Policyholders' surplus rose $16 billion to $863.3 billion as of September 30, 2020, from $847.3 billion as of December 31, 2019, driven by growth in the stock market.
The industry continues to face many unknowns stemming from the COVID-19 pandemic. Although the year started strong and insurers reported robust premium growth and promising underwriting results in the first quarter, the results for the remainder of the year reflect the major disruptions of daily life and the economic downturn stemming from COVID-19. It might take significant time before the insured losses directly attributable to pandemic can be reliably estimated, but the impact on premiums was immediate. Due to the economic disruption, consumers and businesses deferred and canceled large purchases and capital investments, which led to reduced premium activity. The written direct premium growth slowed to 2.3% for the first nine months of 2020 compared to 4.8% in the same time period in 2019.
Automotive insurers saw improved loss ratio
Automotive insurers benefited from the reduced driving activity in the first nine months of 2020, with the pure loss ratio for auto insurance improving to 56.6 percent from 65 percent compared to the same period in the previous year. Many auto insurers took steps to account for the abrupt changes in losses, providing partial premium refunds to current policyholders and adjusting the rates. ISO, a Verisk business, estimates that insurers provided approximately $11 billion in direct premium refunds and renewal credits to policyholders. The effect of prospective rate changes driven in part by COVID-19 can't be reliably estimated.

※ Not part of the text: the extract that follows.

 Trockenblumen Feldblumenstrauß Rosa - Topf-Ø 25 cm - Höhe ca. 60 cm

"Insurers in the third quarter of 2020 continued to be hammered by COVID-19, natural catastrophes, and civil unrest losses," said Robert Gordon, APCIA senior vice president, policy, research and international. "Net underwriting losses climbed to $4.3 billion, with premium growth significantly slowing and net income plummeting nearly 30%. Industry surplus, volatile throughout the year, restabilized in the third quarter. Automobile insurers responded to reduced driving during the pandemic with extraordinary amounts of premium relief to policyholders in 2020 including rate reductions, and we expect commercial lines insurers to face significant reductions in premiums due to audits that reflect reduced revenues and payrolls. The industry continues to face the strong headwinds of unknown but potentially severe future COVID-19 related losses and long-term claims."
"The beginning of COVID-19 vaccination efforts has provided some hope for people in the United States and across the globe," said Neil Spector, president of ISO at Verisk. "But the U.S. economy and the insurance industry still face many challenges which will depend on our progress in ending the pandemic."

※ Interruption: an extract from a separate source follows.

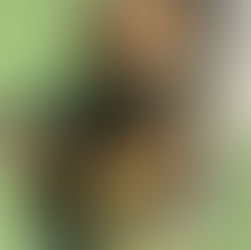 ALCALDESA INVITA A ADOPTAR PERROS Y GATOS EN ENSENADA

"How long will it take to vaccinate the majority of the population? What impact will new strains of the disease have on its spread? How will businesses that require large in-person crowds continue to survive? Which of the pandemic-driven changes are here to stay? All of these questions will have a major impact on the types of insurance and service that customers expect," Spector added.

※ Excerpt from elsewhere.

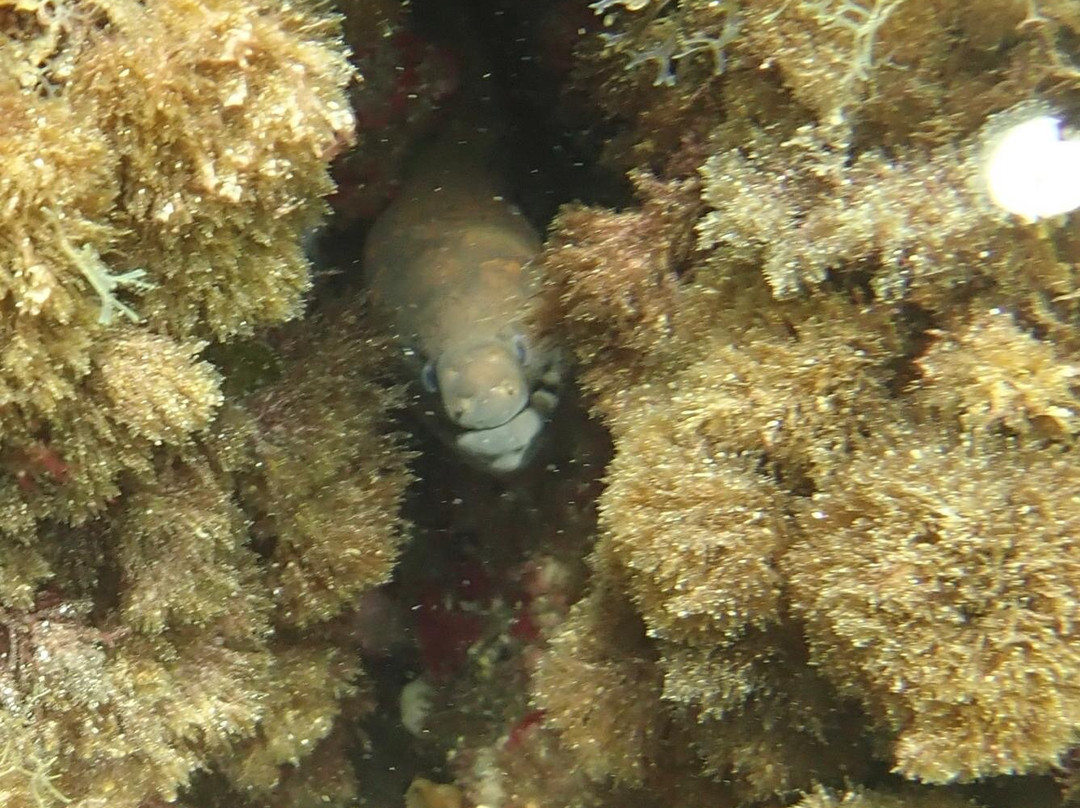 Vadum Maris Diving & Watersports-圣波拉必去景点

"Now more than ever, insurers that make it easy for customers to buy coverage and settle claims online will have the biggest advantage in the evolving marketplace," Spector said.
After taxes, insurers' net income fell to $10.9 billion in third-quarter 2020 from $15.4 billion in third-quarter 2019, and their combined ratio deteriorated to 101.3% in third-quarter 2020 from 98.8% in the same period a year earlier.
Net written premiums rose $5.0 billion, or 3.0%, to $171.3 billion in third-quarter 2020 from $166.2 billion in third-quarter 2019. Net earned premiums grew 2.3% to $162.9 billion in third-quarter 2020 from $159.2 billion from the third quarter a year earlier.